In theory I know how to free motion quilt. I've read articles on it and watched videos on YouTube showing how it's done. I have a darning foot and my machine allows me to drop the feed dogs. However, as often is the case, *knowing* how to do something and actually *doing* it can be two different beasts. I started practicing free motion quilting yesterday morning and had some difficulty with it. The foot kept bouncing around and I thought it was much harder to maneuver my test piece around than it should have been.

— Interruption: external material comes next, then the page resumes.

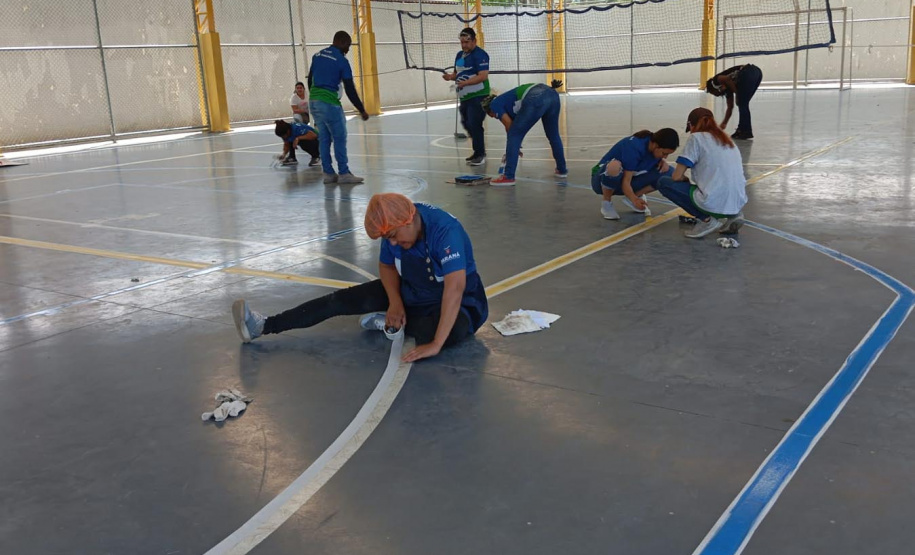 Abertas as inscrições para o segundo ciclo do projeto Cuida Paraná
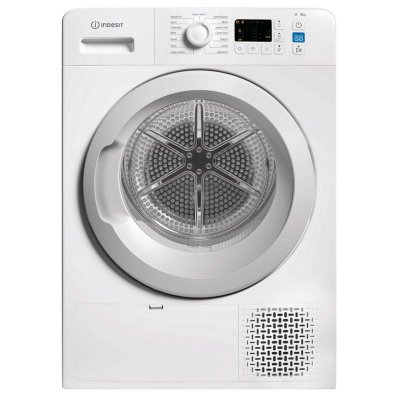 INDESIT S&egrave;che linge pompe &agrave; chaleur  YTNM1081FR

Poking around on the web led me to a website devoted to free motion quilting, Leah Day's The Free Motion Quilting Project, which has some GREAT teaching videos on it. (Even if you don't quilt, take at look at Leah's website and see the beautiful quilting patterns she's produced and illustrated.) In particular, I found this video on modifying your darning foot to be very useful. Following Leah's suggestions, I hacked my darning foot and voila! That annoying bounce disappeared and I was able to maneuver my fabric around much more smoothly. I spent another hour practicing and felt much more confident in my ability to free motion quilt.
Then this morning I sat down to practice again and had nothing but problems with thread tension. Snarls with excessive loops of thread on both the top and the bottom of my practice piece. I adjusted the tension up and down, trying to get rid of those ugly bird's nests, but nothing seemed to work.
I've learned from past mistakes that you can't force a project that doesn't want to cooperate. It's best to set it aside and try again later. And that's how I wound up sewing a couple of Christmas stockings and attempting to make fleece socks today instead of free motion quilting. The stockings had been in my work-in-progress pile for awhile, so at least that counts as cleaning up!